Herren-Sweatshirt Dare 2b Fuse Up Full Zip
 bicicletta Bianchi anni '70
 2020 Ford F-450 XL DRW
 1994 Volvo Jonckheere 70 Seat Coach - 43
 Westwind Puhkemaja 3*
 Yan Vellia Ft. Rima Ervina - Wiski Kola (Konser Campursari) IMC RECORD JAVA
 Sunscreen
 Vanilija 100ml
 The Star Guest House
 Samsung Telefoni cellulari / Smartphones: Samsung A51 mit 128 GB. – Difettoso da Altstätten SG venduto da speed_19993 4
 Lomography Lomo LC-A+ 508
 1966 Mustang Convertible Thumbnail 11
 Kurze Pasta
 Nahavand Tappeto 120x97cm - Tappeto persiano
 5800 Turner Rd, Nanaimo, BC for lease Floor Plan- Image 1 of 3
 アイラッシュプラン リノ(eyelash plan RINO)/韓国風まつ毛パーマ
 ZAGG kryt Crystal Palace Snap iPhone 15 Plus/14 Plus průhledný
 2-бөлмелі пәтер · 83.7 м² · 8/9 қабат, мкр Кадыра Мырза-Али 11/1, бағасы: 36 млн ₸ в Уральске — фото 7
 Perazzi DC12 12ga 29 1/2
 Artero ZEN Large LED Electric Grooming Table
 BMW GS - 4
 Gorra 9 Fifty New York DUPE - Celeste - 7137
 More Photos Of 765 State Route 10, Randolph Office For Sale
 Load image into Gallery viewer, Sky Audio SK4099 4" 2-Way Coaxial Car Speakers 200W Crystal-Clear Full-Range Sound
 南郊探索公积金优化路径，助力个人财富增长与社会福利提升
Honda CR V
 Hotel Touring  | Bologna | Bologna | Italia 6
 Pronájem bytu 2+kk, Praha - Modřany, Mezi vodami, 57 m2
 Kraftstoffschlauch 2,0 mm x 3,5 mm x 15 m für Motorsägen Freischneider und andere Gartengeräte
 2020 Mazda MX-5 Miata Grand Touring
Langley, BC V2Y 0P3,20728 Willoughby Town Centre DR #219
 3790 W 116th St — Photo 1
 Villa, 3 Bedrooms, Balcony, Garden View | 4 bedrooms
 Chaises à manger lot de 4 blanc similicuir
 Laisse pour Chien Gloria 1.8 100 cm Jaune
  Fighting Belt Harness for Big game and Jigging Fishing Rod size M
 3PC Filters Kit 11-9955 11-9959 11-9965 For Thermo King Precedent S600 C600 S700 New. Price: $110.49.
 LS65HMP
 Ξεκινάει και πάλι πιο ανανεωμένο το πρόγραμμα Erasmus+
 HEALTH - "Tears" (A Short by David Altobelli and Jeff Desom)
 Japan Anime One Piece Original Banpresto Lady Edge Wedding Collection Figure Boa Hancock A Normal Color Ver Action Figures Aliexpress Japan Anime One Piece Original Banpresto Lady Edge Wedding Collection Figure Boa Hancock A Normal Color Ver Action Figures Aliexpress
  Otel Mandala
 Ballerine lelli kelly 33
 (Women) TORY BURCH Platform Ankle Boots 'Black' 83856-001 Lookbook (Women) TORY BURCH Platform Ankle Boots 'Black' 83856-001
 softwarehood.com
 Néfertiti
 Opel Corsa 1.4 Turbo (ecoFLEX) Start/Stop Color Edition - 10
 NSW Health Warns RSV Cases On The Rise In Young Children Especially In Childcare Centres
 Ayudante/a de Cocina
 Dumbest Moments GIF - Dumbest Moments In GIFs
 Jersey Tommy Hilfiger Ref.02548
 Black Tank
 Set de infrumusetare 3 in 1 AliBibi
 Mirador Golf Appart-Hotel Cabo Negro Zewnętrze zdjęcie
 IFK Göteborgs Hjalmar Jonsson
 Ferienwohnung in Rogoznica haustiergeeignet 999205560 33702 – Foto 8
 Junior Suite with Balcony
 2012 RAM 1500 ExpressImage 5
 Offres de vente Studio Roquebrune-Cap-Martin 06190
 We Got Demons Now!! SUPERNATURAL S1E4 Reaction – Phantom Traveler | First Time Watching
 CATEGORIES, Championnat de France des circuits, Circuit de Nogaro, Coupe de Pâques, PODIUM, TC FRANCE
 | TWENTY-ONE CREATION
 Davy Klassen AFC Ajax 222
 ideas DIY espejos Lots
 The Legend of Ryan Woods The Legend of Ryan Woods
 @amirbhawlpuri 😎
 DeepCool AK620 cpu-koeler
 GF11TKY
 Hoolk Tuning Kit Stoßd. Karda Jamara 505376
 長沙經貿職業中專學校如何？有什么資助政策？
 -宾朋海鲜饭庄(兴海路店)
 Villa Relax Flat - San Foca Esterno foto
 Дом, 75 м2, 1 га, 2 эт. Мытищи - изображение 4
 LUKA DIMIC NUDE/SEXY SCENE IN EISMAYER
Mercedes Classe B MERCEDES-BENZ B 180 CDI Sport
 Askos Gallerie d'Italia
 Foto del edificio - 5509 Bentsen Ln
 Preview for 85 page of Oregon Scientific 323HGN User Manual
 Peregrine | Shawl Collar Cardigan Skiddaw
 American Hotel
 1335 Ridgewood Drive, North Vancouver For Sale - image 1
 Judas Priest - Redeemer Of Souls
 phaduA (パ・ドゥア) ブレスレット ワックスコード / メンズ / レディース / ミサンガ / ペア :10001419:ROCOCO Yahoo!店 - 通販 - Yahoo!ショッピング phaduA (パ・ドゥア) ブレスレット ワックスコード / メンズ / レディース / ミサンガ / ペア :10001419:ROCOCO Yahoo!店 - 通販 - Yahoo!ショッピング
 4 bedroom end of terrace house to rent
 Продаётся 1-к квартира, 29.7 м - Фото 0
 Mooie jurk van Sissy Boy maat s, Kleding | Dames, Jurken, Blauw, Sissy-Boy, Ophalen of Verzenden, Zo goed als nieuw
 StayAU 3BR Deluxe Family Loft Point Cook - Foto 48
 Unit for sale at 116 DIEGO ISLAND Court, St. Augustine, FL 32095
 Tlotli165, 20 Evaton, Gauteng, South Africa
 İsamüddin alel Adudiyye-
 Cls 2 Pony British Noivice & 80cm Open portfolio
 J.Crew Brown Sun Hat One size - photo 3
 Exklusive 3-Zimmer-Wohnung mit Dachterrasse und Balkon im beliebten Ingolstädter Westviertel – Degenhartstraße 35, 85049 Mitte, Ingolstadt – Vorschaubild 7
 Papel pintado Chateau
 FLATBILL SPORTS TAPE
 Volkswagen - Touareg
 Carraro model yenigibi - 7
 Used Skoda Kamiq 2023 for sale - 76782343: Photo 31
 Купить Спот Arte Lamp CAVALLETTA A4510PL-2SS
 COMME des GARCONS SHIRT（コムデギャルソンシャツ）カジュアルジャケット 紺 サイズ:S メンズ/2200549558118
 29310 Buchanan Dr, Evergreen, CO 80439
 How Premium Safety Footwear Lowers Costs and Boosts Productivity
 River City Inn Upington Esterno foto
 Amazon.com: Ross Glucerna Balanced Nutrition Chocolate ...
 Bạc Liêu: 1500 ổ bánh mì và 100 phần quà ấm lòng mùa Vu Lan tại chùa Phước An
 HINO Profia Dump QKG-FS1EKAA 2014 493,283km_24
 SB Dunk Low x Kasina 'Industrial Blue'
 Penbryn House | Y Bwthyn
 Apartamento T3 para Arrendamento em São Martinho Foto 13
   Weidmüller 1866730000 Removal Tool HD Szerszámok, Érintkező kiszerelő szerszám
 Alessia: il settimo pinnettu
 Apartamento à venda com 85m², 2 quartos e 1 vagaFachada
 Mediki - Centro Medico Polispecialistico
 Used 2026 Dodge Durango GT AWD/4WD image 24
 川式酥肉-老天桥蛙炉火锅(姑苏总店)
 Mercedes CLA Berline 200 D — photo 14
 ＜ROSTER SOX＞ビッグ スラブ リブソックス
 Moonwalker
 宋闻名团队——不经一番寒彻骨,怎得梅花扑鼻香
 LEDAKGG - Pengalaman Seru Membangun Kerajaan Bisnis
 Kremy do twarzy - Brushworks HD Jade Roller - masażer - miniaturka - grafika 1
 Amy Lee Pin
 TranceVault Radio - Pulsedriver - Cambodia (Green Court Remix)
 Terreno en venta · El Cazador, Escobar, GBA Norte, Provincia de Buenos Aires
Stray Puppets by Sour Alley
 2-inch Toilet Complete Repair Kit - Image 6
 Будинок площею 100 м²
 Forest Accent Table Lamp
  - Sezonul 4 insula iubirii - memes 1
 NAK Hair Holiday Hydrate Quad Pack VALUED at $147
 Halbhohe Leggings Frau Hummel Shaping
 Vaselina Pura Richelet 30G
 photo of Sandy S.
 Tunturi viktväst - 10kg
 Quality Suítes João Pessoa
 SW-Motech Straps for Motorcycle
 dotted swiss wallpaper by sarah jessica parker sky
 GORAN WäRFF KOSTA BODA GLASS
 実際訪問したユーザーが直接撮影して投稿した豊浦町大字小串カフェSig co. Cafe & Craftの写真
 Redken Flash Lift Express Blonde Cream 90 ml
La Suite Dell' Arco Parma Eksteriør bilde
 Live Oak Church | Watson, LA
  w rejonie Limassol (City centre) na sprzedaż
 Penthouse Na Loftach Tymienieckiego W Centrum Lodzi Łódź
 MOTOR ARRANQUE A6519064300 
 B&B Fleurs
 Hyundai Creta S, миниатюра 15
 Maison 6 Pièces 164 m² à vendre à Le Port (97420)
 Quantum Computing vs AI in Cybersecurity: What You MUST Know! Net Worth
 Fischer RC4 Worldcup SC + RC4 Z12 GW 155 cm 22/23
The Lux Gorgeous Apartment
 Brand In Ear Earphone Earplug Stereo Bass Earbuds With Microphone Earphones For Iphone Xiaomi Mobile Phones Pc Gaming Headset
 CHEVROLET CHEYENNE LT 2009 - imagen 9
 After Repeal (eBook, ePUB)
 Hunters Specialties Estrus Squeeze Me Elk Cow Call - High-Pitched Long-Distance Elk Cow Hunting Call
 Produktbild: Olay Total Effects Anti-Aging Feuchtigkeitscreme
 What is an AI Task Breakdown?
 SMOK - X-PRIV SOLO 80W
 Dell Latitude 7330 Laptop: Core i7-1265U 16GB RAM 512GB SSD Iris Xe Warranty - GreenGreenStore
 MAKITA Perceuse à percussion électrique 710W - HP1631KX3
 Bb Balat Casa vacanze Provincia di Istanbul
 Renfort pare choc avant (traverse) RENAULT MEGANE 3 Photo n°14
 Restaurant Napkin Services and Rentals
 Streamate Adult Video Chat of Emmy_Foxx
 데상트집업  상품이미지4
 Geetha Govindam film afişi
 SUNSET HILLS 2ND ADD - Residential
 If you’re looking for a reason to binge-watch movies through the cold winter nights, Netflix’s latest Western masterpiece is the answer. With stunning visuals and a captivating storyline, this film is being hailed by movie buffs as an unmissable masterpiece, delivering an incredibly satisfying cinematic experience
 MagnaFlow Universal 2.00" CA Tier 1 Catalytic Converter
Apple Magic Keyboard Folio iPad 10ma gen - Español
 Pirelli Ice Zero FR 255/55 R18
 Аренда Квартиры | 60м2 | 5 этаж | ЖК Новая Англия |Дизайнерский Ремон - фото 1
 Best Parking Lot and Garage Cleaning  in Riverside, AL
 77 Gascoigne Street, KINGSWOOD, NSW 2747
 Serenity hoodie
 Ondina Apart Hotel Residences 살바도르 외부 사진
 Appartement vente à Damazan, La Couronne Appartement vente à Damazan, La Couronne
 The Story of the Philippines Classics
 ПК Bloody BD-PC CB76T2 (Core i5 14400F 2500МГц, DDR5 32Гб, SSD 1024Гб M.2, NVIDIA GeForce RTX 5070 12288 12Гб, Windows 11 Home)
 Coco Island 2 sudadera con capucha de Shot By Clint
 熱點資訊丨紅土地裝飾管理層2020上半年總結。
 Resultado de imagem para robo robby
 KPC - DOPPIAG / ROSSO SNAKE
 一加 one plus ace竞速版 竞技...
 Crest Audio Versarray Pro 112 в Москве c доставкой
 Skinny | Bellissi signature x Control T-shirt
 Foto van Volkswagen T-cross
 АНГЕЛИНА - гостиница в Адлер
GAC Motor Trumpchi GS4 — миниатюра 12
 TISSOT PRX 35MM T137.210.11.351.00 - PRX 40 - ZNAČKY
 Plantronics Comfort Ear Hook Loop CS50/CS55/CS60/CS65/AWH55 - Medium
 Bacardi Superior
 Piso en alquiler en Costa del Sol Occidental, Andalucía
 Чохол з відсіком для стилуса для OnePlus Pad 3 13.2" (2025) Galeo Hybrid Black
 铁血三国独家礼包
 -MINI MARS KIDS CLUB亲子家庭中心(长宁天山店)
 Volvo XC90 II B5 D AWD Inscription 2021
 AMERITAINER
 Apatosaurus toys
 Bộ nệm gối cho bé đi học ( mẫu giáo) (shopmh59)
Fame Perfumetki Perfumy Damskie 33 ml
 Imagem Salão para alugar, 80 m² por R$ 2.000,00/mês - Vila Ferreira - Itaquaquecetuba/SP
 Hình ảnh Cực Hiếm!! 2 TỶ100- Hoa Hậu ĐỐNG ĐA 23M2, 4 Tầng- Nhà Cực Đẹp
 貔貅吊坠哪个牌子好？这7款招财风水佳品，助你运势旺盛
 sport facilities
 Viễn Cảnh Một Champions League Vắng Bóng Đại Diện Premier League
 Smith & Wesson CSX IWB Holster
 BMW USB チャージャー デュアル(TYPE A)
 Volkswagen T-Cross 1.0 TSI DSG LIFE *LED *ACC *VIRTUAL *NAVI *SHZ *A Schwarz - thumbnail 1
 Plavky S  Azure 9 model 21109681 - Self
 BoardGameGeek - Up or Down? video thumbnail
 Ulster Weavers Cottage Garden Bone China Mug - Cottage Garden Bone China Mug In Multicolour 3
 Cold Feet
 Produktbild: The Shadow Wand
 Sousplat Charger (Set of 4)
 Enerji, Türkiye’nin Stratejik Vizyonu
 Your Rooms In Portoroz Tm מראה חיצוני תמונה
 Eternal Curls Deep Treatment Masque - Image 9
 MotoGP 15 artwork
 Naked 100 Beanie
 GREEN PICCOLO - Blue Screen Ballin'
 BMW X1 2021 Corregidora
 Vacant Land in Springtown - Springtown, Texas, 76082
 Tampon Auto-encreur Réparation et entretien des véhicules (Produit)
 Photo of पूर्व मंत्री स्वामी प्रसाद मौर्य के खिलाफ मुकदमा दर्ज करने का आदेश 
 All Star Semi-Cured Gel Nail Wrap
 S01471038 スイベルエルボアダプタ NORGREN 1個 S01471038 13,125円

= = = =

What is expected: Repeat exactly, and only, the lines from the one containing "MotoGP 15 artwork" through the last line above.

Task result:
 MotoGP 15 artwork
 Naked 100 Beanie
 GREEN PICCOLO - Blue Screen Ballin'
 BMW X1 2021 Corregidora
 Vacant Land in Springtown - Springtown, Texas, 76082
 Tampon Auto-encreur Réparation et entretien des véhicules (Produit)
 Photo of पूर्व मंत्री स्वामी प्रसाद मौर्य के खिलाफ मुकदमा दर्ज करने का आदेश 
 All Star Semi-Cured Gel Nail Wrap
 S01471038 スイベルエルボアダプタ NORGREN 1個 S01471038 13,125円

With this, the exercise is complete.